*WHAT YOU ARE ASKED TO DO:*
Your answer should be the lines from the start of the records through the line with "This split-screen image", copied word for word.

== Segment start ==

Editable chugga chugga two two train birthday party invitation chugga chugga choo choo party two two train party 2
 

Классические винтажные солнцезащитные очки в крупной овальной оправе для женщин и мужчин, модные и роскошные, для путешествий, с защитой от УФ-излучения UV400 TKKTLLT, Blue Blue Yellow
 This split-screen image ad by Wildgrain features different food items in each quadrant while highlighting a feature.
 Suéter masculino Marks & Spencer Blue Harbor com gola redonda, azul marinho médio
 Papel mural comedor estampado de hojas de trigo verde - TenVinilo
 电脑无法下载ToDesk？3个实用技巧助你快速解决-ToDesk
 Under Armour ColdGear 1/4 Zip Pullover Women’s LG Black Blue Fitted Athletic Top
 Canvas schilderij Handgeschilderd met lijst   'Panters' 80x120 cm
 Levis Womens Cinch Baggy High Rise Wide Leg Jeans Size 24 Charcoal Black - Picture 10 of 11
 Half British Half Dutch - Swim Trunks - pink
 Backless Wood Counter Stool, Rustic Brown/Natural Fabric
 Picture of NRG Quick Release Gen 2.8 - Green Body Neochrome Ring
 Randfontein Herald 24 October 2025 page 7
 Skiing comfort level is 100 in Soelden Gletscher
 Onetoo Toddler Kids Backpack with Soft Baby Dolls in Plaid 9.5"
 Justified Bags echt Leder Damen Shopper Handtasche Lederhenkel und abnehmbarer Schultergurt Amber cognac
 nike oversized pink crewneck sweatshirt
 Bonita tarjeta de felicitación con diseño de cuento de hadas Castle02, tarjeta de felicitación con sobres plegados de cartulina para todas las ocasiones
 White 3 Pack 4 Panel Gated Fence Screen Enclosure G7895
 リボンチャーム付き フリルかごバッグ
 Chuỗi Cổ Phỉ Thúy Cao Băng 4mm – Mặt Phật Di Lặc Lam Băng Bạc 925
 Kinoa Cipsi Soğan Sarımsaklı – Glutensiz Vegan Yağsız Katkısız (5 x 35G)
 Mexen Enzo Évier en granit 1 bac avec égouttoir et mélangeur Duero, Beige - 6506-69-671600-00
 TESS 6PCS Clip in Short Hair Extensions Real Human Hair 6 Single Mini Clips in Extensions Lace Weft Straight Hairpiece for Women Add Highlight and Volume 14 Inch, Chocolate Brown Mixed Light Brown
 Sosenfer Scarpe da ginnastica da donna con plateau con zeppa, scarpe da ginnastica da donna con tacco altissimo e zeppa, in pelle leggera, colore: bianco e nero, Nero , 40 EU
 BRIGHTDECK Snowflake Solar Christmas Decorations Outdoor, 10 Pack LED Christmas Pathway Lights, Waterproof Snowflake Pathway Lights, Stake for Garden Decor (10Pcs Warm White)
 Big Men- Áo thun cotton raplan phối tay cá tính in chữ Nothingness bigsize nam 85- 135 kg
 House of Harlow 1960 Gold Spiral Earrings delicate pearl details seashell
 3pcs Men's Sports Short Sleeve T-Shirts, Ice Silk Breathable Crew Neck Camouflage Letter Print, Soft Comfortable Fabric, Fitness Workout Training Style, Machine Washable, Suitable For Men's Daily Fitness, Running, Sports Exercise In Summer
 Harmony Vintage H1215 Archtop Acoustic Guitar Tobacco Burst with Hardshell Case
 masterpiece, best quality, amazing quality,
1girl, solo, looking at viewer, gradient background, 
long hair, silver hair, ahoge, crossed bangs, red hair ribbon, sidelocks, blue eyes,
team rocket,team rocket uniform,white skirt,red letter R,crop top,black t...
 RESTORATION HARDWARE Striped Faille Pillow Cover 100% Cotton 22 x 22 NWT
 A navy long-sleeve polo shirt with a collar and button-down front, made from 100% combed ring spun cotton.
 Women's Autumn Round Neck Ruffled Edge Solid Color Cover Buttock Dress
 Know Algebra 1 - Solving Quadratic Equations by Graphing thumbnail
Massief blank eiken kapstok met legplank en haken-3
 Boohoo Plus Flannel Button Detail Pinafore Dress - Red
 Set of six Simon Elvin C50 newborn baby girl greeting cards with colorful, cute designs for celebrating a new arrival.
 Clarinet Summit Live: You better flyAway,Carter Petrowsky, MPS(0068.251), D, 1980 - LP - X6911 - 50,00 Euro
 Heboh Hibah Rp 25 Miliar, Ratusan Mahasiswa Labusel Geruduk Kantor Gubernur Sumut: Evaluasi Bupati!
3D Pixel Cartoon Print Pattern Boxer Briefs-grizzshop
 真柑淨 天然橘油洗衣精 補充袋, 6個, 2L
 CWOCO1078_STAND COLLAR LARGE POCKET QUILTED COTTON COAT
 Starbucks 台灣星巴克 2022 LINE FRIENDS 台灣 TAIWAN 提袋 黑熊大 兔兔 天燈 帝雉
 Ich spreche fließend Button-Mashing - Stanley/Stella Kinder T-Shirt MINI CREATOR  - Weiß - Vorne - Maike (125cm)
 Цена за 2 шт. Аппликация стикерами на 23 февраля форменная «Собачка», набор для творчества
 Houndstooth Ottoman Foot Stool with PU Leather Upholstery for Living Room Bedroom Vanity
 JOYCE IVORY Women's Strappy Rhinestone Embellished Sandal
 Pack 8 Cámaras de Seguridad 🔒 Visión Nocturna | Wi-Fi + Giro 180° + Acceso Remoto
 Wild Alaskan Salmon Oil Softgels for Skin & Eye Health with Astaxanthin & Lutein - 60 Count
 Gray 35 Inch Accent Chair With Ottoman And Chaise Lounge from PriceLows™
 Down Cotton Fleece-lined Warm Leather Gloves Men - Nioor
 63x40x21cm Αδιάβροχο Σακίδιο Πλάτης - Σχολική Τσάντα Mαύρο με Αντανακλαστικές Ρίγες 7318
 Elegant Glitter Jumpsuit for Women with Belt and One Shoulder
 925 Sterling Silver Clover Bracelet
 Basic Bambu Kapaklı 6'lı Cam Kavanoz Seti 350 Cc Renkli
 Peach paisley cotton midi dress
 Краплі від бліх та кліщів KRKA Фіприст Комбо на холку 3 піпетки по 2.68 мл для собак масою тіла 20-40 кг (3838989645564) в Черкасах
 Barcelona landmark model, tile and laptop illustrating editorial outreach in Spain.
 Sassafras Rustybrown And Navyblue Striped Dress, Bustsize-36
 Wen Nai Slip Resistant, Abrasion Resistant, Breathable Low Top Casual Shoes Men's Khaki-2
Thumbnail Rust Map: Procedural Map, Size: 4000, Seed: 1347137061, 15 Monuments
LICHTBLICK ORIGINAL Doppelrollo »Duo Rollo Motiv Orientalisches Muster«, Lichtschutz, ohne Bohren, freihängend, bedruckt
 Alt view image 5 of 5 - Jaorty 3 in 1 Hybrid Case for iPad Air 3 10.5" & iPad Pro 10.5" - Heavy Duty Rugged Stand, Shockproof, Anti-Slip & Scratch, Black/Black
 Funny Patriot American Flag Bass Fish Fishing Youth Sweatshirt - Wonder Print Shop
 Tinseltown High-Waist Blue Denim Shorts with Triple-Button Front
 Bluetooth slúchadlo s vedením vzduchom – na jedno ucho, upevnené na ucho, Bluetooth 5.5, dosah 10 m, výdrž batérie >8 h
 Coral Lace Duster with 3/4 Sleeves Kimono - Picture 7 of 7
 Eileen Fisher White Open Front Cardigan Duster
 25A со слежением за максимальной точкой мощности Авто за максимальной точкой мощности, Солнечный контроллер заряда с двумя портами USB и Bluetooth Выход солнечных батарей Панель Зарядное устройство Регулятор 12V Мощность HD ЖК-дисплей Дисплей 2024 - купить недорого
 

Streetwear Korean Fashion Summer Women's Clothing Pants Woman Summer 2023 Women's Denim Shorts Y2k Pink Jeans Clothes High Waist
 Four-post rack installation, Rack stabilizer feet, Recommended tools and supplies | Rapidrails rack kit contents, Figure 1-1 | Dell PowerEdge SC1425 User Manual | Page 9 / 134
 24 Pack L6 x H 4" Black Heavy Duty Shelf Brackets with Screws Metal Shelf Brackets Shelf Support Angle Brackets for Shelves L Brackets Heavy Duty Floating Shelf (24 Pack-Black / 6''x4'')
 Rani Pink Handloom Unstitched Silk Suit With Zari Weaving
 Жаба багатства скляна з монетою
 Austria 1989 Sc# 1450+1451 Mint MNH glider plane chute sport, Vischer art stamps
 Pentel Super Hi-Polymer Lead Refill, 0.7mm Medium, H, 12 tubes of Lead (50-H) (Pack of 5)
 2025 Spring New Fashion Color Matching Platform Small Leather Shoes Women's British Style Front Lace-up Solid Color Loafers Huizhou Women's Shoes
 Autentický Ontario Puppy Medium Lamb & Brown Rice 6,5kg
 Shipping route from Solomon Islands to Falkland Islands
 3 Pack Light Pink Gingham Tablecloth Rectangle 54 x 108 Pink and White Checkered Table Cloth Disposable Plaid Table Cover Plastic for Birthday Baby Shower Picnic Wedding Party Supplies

== Segment end ==

*RESULT OF THE EXERCISE:*
Editable chugga chugga two two train birthday party invitation chugga chugga choo choo party two two train party 2
 

Классические винтажные солнцезащитные очки в крупной овальной оправе для женщин и мужчин, модные и роскошные, для путешествий, с защитой от УФ-излучения UV400 TKKTLLT, Blue Blue Yellow
 This split-screen image ad by Wildgrain features different food items in each quadrant while highlighting a feature.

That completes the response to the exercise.